From his execution on 30 December 1896 to the 1960's six (6) retractions all ludicrous and blatant forgeries have surfaced. These are: (1) "Rizal 's Retraction", Photostat copy, in Jose M. Hernandez's, RIZAL, (Alemars, 1950); (2) "Rizal's Retraction" in "I Abjure Masonry" allegedly by Jose Rizal, San Beda College pamphlet, 1950; (3) "Rizal's holograph", in RIZAL'S UNFADING GLORY, by Fr. Jesus M. Cavanna (revised edition, 1950); (4) "Facsimile of Rizal's Retraction", SELECTED READINGS FROM RIZAL, Ricardo C. Bassig, 1959; (5) "Facsimile of Rizal's Retraction" , PHILIPPINE HISTORY FOR HIGH SCHOOLS, Gregorio F. Zaide, `1961; (6) "Facsimile of Rizal's Retraction", "Statement of the Catholic Hierarchy of the Philippines", 1956.
Absolutely no one has seen the original retraction document from where all these facsimiles were supposedly taken. Amazing, to say the least.
Source: THE FORGERY OF THE RIZAL RETRACTION AND JOSEPHINE'S AUTOBIOGRAPHY, Runes, Ildefonso T. & Buenafe, Mamerto M. (Pro-Patria Publishers, 1962)
On July 1892, four days
According to the authors, a certain Fr. Manuel Garcia claimed to have dscovered the retraction document in the archives of the Archbishopric of Manila after which reproductions were circulated to interested parties like historians Jose Hernandez and Gregorio Zaide who printed the facsimiles in their books for Phhilippine schools, obviously without first scrutinizing the original. So did editor Ricardo Bassig, Fr. Jesus Cavanna , and San Beda College.
Authors Runes and Buenafe were baffled by the discrepancies in the facisimiles themselves, considering these were supposed to be copies of the original document. In Hernandez's book, RIZAL, the date of the facsimile was--"Manila 29 de Diciembre de 1890"--which the authors believed Rizal could not have signed because he was in Madrid at that time finishing his second novel , EL FILIBUSTERISMO. Curiously, in the San Beda College pamphlet, " I Abjure Masonry", allegedly by Rizal and also printed in 1959, the " 0 " of 1890 was half erased and appeared like a new moon or a letter " C ".
In Fr. Jesus Cavanna's book, RIZAL'S UNFADING GLORY (1956), the dateline was "1896" and was so "heavily doctored" observed Runes and Buenafe that the entire text of the facsimile was traced over to match the thickness of the dubious date. Zaide's textbook, printed in 1961, had a more carefully retouched "1896". The discrepancies described above are illustrated on pages 86 and 87 of Runes and Buenafe's revealing book.
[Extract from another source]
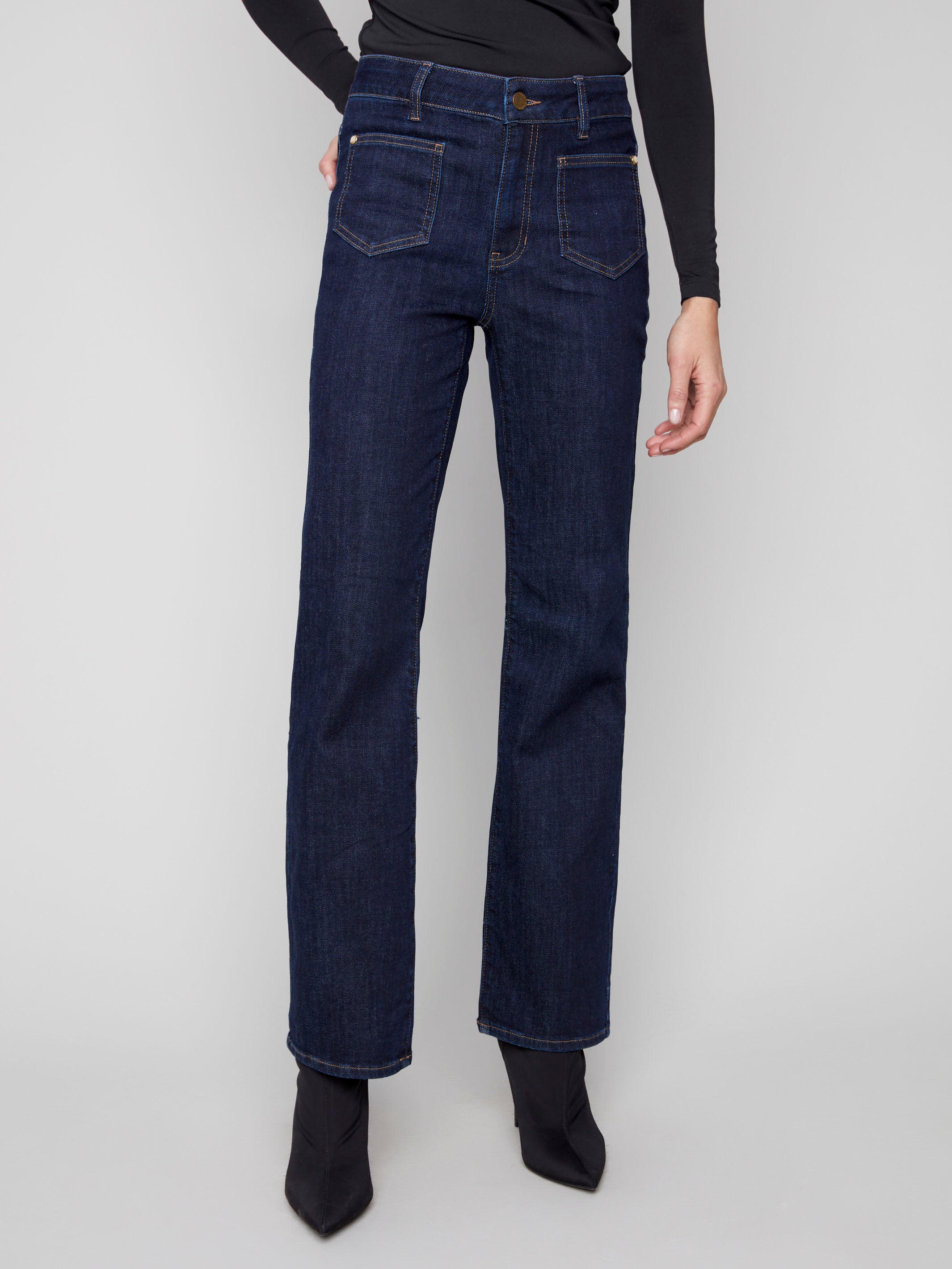 Stylish deep blue jeans with long length and front patch pockets, offering a chic look in stretch denim by Charlie B.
Evidently, the mastermind of the retration forgery aimed to neutralize, if not kill the ideas of Rizal. Rizal himself told his close friends that he would be slandered after death. Had he retracted, all his writings especially the two novels, would have been reduced to worthless pulp. Moreover, the retration hoax had to include his mistress, Josephine Bracken, and that romantic tale about their marriage before he was led to Bagumbayan. Rizal did want to marry her while in Dapitan, but the parish priest there refused to consecrate their union because he was a Mason and a filibustero. Clearly, a last- minute marriage was meant to reinforce the crude retraction hoax. Since he allegedly abjured Masonry and returned to the fold, Rizal could then receive the Sacrament of Matrimony.
Rizal remains polemical even beyond the grave. Sixty years after his execution, in 1956, the Catholic hierarchy strongly opposed a bill that required the teaching of Jose Rizal's life, labors and writings in Philippine schools. Despite the raging controvery, President Ramon Masaysay purposefully signed Republic Act 1425.